Creating Learning-based Escalation Policy

Describes how to create learning-based escalation policy.

Leave Feedback

Introduction

Learning-based alert escalation is a method that automatically routes incidents to appropriate groups, priority or category. The model requires a training file (in CSV format) that includes example incident assignments for different type of alerts.

Machine-learning is applied to learn patterns from the input training file and uses the learned pattern to drive learning-based alert escalation. The learned models are applied against the incoming alerts.

Configuring alert escalation is a manual configuration that requires incident information like incident assignee name, category, and priority as mandatory fields.

Prerequisites

Prior to defining rules to escalate alerts as an incident, configure name, scope, and resources for the alert escalation policy.

To configure the alert escalation policy:

Step 1: Define name and scope

To define name and scope:

  1. From All Clients, select the client.
  2. Select Setup > Alerts > Alert Escalation.
  3. Click the Add button and provide Name and Description.
  4. From the Mode drop-down list, select one of the options.
    • ON: Alert escalation policy is created and escalation is performed
    • Observed: An escalated alert in Observed mode is only for information purpose.
      • Observed mode enables you see potential alerts that would be escalated by the policy without creating a real alert escalation policy.
      • In observed mode, an observed alert is created for each alert that is escalated. You can view these Observed alerts in the Alerts browser.
        These observed alerts are indicated with Observed status.
      • You can only perform Close action on an observed alert, no other action is allowed. The close action performed on the observed alert does NOT affect the actual alert.
    • OFF: Alert escalation policy is created, but no escalation is performed.
  5. Select the organization whose users will receive the escalations from this policy. Example: If you choose partner organization, then only partner users can receive escalation.
  6. Click Next: Select Resources.
  7. Select resources for the escalation policy.
    • Resources can be selected from one or more clients.
    • Add up to 100 resources.
    • When escalating alerts for users of a specific client, add only resources from that client.
  8. (Optional) filter the resources by:
    • Resource Name
    • Resource Type
    • Service Group
    • Device Group
    • Site

Step 2: Define escalation rules

In this step, the escalation rules define the escalation as an incident.
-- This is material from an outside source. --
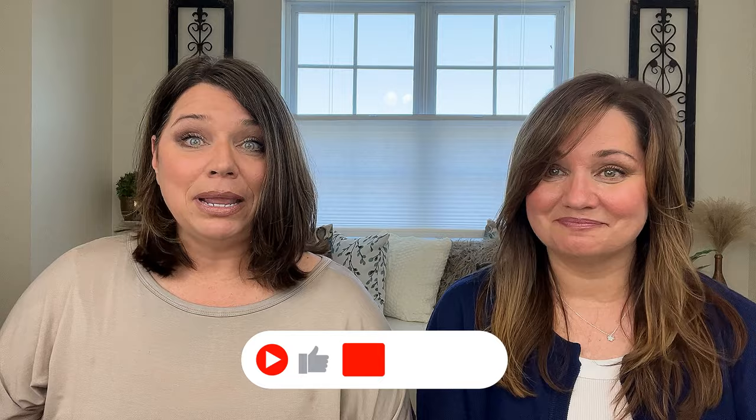Thanks for joining us today! We hope you enjoyed this video and found a lot of useful information. If you did, please give it a thumbs up and hit that subscribe button, and check us out on Facebook and Instagram too. We'll see you guys in the next video!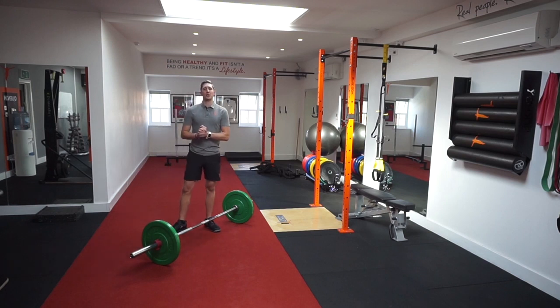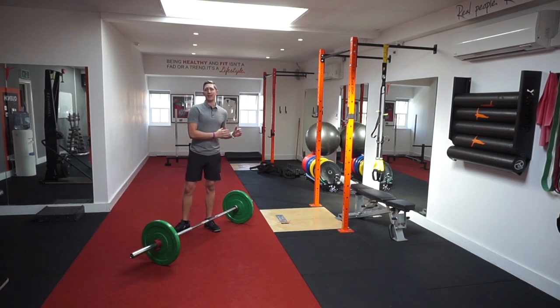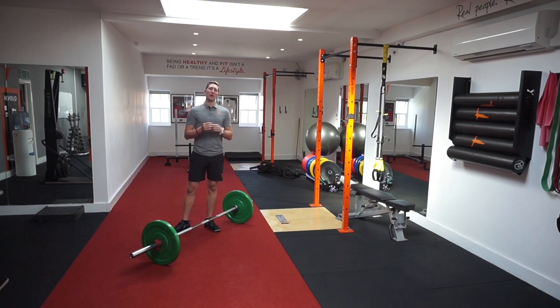Hi guys and welcome to this week's Fix It. Today we're looking at the sumo deadlift. Now we do a regular deadlift with a straight bar in our programming, but next program we're looking to go into more of a sumo deadlift. The reason being it is going to allow you to get into a more upright position, and we're going to be working different parts of the hip, so it's going to be a little bit more hip dominant.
To define the escalation rule:

  1. In Define Escalation Rules section, select Escalate automatically as follows and then select Escalate as Incident.
  2. Enable Continuous Learning for machine-learning to continuously learn patterns from alert data.
    • If continuous learning is enabled, machine learning models are continuously retrained on a weekly-basis and are
      based on recent alert data (past three month alert data).
    • The continuous learning complements user provided training data, via training files. Patterns learned from user provided training data and continuous learning are both incorporated into auto incident creation actions.
    • In the combined data set (recent alert data and user provided training data), the user provided training data is considered first followed by recent alert data.
      Continous Learning Option

      Continous Learning Option

  3. Select Modify to modify the incident subject or description.
  4. Click on the toggle button against an attribute for machine-learning to learn patterns from the training file. Machine-Learning is applicable for the below attributes:
    • Assignee Group
    • Category
    • Sub-Category
    • Business Impact
    • Priority
    • Cc
  5. Click Import a Dataset and Train Model.

Step 3: Import datasets and apply training model

Upload a training file. Only one training file can be uploaded per client.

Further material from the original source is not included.